I have a client who has his IRA in an instrument that is not liquid and is questionable whether we will recover anything. The owner is in jail and the Department of Justice is prosecuting and the hope is that there will be a settlement in the case. This happens to be something called a Universal Lease if anyone is familiar with it. This is causing obvious problems with RMD’s since no rental income is being paid so no money for RMD’s. I was wondering if we could make a case to write the asset’s value down to $1,000, convert it to a Roth, and if anything is recovered years from now it would be non-taxable under the Roth. The value of his lease is still showing $80,494 which is what he then has to take his RMD on.

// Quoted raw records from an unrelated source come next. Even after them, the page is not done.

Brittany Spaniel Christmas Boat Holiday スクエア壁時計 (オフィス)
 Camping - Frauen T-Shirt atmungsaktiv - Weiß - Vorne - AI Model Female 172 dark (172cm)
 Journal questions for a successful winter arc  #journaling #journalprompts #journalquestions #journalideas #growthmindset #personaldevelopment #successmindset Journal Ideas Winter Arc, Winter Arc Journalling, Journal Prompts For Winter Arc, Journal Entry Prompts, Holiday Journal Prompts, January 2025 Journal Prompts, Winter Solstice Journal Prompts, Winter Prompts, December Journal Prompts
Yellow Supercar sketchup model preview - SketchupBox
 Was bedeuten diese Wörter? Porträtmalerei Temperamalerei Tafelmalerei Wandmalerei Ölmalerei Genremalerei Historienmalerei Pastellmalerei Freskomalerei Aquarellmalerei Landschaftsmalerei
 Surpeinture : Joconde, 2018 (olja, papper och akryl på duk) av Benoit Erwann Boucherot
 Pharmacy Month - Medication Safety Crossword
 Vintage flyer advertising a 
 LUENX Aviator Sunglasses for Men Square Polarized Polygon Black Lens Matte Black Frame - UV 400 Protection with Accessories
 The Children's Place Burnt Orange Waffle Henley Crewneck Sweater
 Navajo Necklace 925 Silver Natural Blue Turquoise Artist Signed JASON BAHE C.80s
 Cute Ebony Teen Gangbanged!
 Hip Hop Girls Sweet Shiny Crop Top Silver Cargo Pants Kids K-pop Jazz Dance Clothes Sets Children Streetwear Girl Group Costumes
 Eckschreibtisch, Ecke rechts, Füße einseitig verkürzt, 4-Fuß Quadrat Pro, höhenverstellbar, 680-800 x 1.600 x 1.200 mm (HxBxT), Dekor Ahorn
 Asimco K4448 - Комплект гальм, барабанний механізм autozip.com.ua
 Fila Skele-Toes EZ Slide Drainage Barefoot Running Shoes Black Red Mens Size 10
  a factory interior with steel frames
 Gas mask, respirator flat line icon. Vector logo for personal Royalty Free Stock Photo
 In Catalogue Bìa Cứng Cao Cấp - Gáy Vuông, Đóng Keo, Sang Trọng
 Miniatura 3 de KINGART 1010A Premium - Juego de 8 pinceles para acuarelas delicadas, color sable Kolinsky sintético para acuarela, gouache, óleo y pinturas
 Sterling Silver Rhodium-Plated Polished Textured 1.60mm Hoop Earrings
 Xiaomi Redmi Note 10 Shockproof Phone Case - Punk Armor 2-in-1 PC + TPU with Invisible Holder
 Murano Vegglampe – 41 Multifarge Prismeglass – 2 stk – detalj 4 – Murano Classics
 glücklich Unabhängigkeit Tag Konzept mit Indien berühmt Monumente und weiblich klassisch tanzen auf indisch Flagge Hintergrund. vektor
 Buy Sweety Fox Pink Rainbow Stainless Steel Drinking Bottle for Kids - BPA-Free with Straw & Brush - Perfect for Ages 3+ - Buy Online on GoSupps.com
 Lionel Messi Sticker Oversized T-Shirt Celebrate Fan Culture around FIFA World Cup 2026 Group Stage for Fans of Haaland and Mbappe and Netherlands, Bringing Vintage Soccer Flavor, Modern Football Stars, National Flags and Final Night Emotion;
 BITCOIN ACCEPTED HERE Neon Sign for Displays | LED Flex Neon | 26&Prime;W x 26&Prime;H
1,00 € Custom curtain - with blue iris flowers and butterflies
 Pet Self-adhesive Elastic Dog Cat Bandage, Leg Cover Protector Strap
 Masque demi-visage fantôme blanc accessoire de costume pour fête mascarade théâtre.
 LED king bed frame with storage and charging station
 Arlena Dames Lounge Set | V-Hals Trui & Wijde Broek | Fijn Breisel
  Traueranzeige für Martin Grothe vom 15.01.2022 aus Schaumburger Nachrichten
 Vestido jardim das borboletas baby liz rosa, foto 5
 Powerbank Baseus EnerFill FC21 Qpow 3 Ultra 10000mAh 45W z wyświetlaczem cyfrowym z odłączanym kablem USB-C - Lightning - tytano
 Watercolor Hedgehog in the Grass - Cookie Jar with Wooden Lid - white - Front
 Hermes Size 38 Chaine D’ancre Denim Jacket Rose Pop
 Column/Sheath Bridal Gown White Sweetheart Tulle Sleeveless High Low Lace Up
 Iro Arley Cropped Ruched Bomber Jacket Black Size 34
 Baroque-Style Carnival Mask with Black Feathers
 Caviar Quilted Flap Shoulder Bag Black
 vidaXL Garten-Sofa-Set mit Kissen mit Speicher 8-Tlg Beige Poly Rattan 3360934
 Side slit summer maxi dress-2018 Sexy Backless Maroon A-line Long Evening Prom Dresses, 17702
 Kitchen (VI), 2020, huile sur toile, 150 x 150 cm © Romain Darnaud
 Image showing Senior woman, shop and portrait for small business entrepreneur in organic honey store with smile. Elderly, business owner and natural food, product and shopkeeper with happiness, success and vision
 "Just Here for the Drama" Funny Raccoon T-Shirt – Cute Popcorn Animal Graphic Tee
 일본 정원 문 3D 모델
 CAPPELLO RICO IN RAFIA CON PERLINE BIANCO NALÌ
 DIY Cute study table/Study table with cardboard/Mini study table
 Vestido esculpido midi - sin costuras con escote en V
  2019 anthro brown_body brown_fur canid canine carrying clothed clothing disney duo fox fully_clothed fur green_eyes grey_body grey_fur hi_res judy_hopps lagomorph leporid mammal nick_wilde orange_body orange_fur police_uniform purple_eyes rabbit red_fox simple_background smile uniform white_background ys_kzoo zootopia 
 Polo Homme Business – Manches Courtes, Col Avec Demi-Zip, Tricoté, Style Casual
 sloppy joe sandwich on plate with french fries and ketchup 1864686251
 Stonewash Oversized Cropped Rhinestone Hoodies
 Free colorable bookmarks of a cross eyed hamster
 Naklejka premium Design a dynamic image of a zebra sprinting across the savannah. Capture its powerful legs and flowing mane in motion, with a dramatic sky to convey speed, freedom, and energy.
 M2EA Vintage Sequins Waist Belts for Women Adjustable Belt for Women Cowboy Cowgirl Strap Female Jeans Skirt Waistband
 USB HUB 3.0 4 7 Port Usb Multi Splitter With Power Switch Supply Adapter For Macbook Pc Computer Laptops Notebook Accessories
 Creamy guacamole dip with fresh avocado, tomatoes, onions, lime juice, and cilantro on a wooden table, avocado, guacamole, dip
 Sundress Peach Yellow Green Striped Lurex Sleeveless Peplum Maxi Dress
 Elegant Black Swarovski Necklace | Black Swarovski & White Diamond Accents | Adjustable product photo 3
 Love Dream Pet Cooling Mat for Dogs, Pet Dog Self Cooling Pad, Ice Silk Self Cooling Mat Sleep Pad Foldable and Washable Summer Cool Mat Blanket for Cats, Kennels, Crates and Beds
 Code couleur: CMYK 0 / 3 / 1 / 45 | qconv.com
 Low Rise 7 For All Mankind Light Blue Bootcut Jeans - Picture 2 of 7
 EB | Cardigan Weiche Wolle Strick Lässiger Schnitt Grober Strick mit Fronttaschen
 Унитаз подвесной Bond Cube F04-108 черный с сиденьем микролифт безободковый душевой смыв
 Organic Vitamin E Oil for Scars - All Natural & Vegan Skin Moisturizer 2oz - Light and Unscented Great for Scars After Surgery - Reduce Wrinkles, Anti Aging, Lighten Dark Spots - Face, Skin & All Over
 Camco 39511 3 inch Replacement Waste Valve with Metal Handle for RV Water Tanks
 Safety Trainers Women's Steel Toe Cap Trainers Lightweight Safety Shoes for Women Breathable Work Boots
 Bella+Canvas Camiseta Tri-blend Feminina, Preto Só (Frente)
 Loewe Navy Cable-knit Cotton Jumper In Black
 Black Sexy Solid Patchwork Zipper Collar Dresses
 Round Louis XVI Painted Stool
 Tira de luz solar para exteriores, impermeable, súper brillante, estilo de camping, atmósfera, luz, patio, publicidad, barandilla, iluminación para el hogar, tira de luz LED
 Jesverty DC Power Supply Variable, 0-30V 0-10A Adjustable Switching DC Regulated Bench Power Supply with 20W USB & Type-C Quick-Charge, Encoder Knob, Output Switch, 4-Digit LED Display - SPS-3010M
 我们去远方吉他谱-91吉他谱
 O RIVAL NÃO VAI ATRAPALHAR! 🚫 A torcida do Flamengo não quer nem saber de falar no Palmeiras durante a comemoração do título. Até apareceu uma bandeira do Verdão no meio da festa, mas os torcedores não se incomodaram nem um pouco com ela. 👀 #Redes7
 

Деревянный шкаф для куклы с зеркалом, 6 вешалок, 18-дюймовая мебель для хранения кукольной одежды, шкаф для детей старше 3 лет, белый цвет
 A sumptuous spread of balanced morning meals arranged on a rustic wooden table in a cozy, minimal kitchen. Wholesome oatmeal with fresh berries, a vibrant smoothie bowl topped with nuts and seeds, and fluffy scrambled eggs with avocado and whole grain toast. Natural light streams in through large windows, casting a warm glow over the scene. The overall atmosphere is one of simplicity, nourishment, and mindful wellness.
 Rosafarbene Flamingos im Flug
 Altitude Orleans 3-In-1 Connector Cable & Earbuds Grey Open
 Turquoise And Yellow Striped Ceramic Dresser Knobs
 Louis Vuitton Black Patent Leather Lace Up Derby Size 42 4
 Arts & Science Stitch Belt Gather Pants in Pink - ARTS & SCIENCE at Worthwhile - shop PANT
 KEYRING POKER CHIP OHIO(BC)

Any thoughts?
Bruce



Is his prosecution related to the universal lease situation, and is the following link applicable to him in any respect?
http://www.sec.gov/news/press/2007/2007-172.htm

Who is the IRA custodian?
Converting assets to a Roth at depressed valuations is also a target of the IRS. Did the IRA custodian report a 2007 year end value to the IRS on Form 5498?



Yes you have the case right. The custodian has changed several times, but yes they have continually reported the original lease value as the 12/31/xx value, but income has not been paid since early 2005 and nothing will be paid unless there is a settlement. The custodian has recommended taking an “in-kind” distribution for the RMD where they wouldn’t send out money, but they would recognize that the client took the RMD and show that $ amount in a non-qualified account. So if money comes back, some would show that taxes have been paid.
We did discuss writing the asset down to zero with the custodian and if the money ever comes back it would be taxable income, but I never discussed reducing the value and converting to Roth.



Does anyone else have the courage to take a stab at this one? Any thoughts are greatly appreciated.
BV



If client has no other IRAs from which to satisfy the RMD, perhaps it is best to pass on the RMD until this case is settled, and requesting the IRS to excuse the penalty due to reasonable cause (RC). The IRS has been quite flexible on this and this case appears to justify their consideration.

You might also check with the DOJ to see if there is any known buyer for whatever residual value remains including any disgorgement or other settlement. Finally, perhaps someone is pursuing a PLR from the IRS on behalf of all the victims of this fraud. It seems that any resolution would have to include prior years when illiquidity first surfaced on these leases.



Thank you for your comments. This client does have another IRA in an annuity that only allows him to pull the interest or the RMD whichever is greater. If he is forced to pull the RMD for the lease from this, he pays a penalty for the withdrawal from the annuity. It’s a bad situation, that will hopefully come to a reasonable solution, I just wondered about writing it down in value and converting to Roth. I thought it might have some possibility. Apparently not.



It’s the write down rather than the conversion that is the problem, as I do not know on what reasonable basis a value could be determined. Even if it was converted at the original value, only the amount that is in excess of the RMD could be converted because an RMD is not eligible for conversion. The conversion would eliminate next year’s RMD, but not this year’s. Perhaps there is also a couple prior years with no RMD taken.

Then there is the matter of taxes since he certainly does not want to pay taxes on the original value, whether converted or not. It’s really a rather ugly situation.